[Task brief]
From the records below, please print only the lines from the one containing "Luxury Art Deco" through the one containing "thumbnail image 1", both included. Skip the pictures.

[Data records]
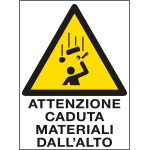 PO5001 - cartello in Polionda Attenzione caduta materiali dall'alto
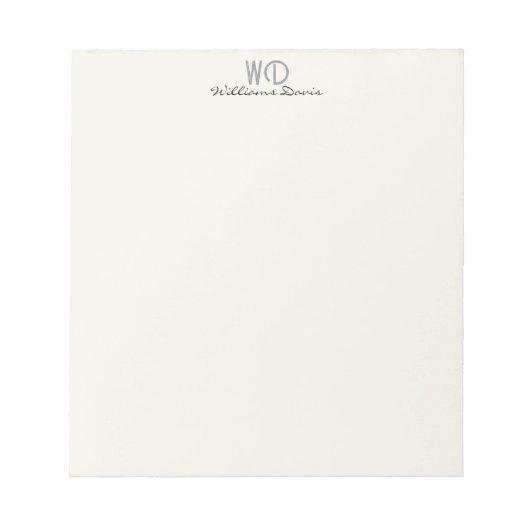 Minimalist Monogram Teacher Notepad ノートパッド (正面)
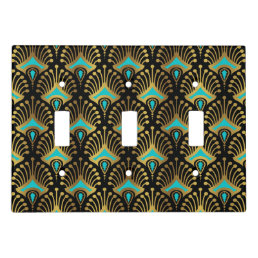 Luxury Art Deco Design with Black, Gold and Blue Light Switch Cover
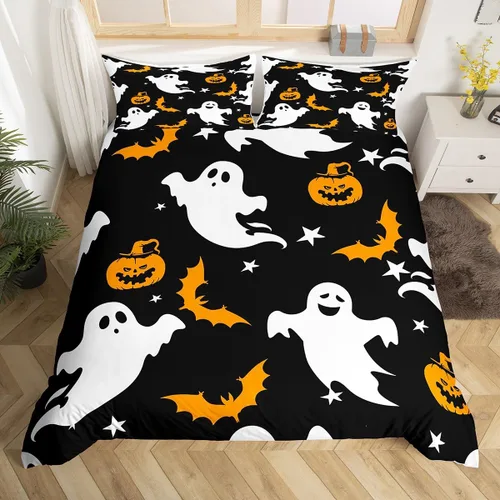 Vista 10 de Feelyou Juego de ropa de cama de Navidad gris para niños, tamaño individual, funda de edredón enana de Navidad para niños, niñas, adolescentes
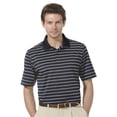 thumbnail image 1 of Monterey Club Men's Lisle Feeder Stripe Texture Golf Polo Shirt #1642, 1 of 2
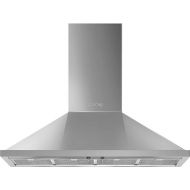 Smeg Portofino Series 48-Inch Pro Style Wall Mount Chimney Ducted 600 CFM Hood with Recirculating Option & Led Lights (Stainless Steel)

[Exercise output]
 Luxury Art Deco Design with Black, Gold and Blue Light Switch Cover
 Vista 10 de Feelyou Juego de ropa de cama de Navidad gris para niños, tamaño individual, funda de edredón enana de Navidad para niños, niñas, adolescentes
 thumbnail image 1 of Monterey Club Men's Lisle Feeder Stripe Texture Golf Polo Shirt #1642, 1 of 2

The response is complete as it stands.